Retype the material below exactly, from its first line through the line with "Relaxed fit t-shirt"; the pictures stay out.

Data below:
^^^^^^^^

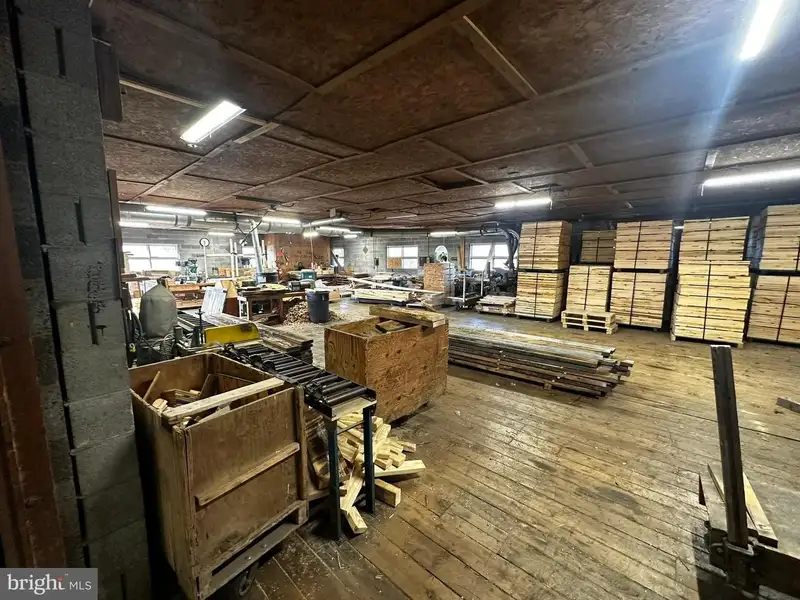 Historic Commercial Building on 2.4 Acres Near C&o Canal, Ideal for Restaurant or Brewery
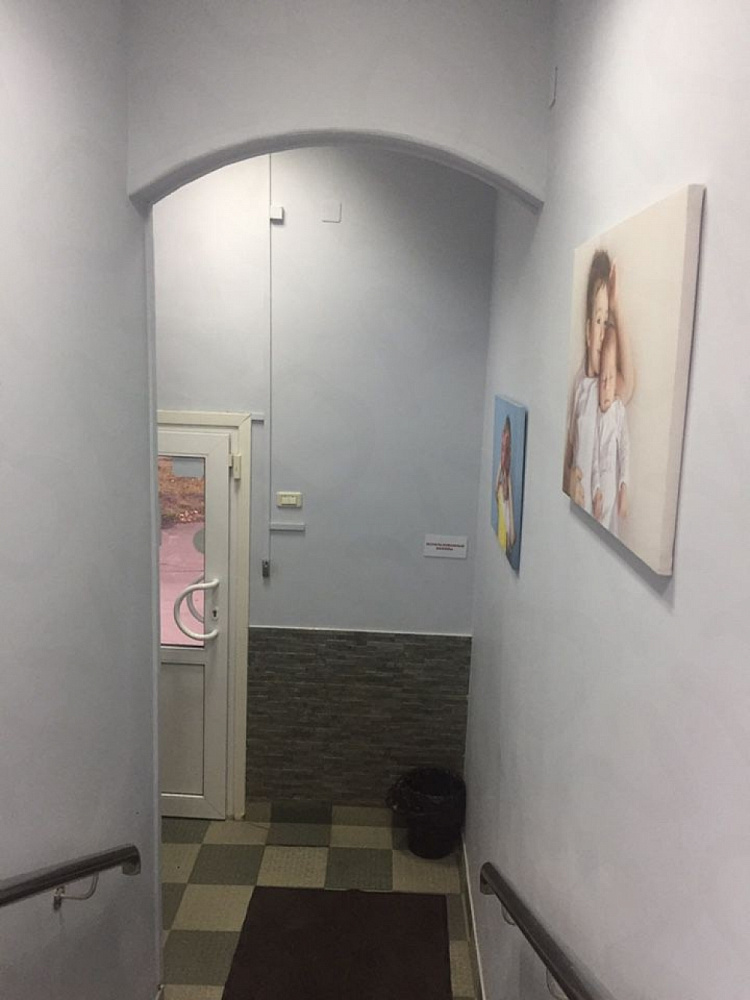Аренда торгового помещения Жилое здание 
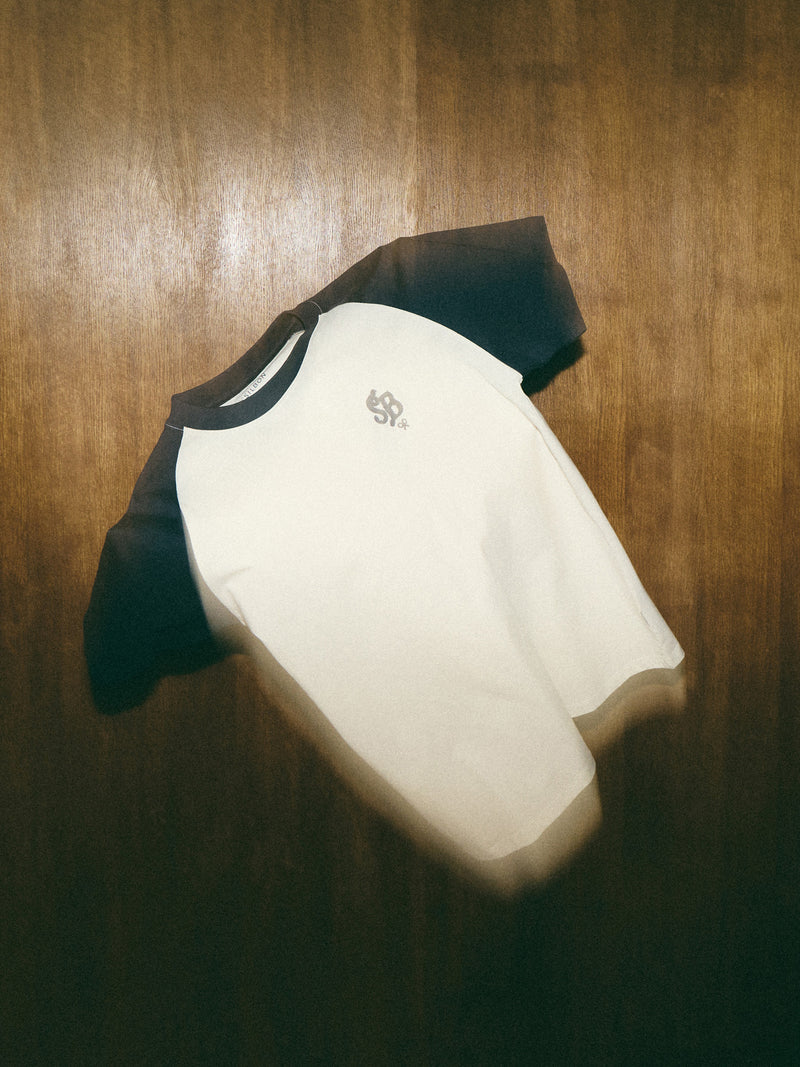 Relaxed fit t-shirt with navy blue contrast sleeves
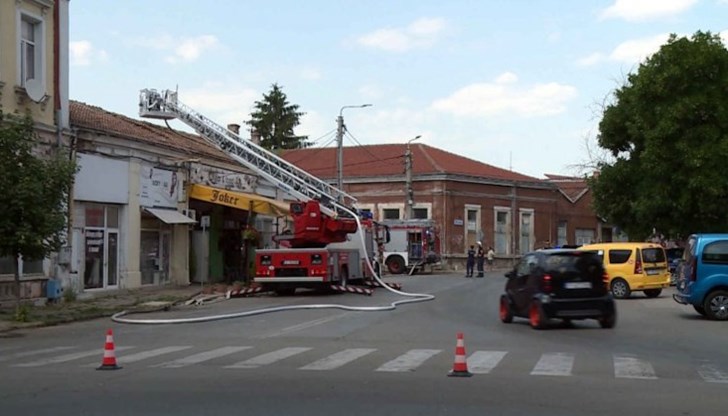 В борбата с огъня се включиха пет пожарни автомобила В борбата с огъня се включиха пет пожарни автомобила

^^^^^^^^

Exercise response:
 Historic Commercial Building on 2.4 Acres Near C&o Canal, Ideal for Restaurant or Brewery
Аренда торгового помещения Жилое здание 
 Relaxed fit t-shirt with navy blue contrast sleeves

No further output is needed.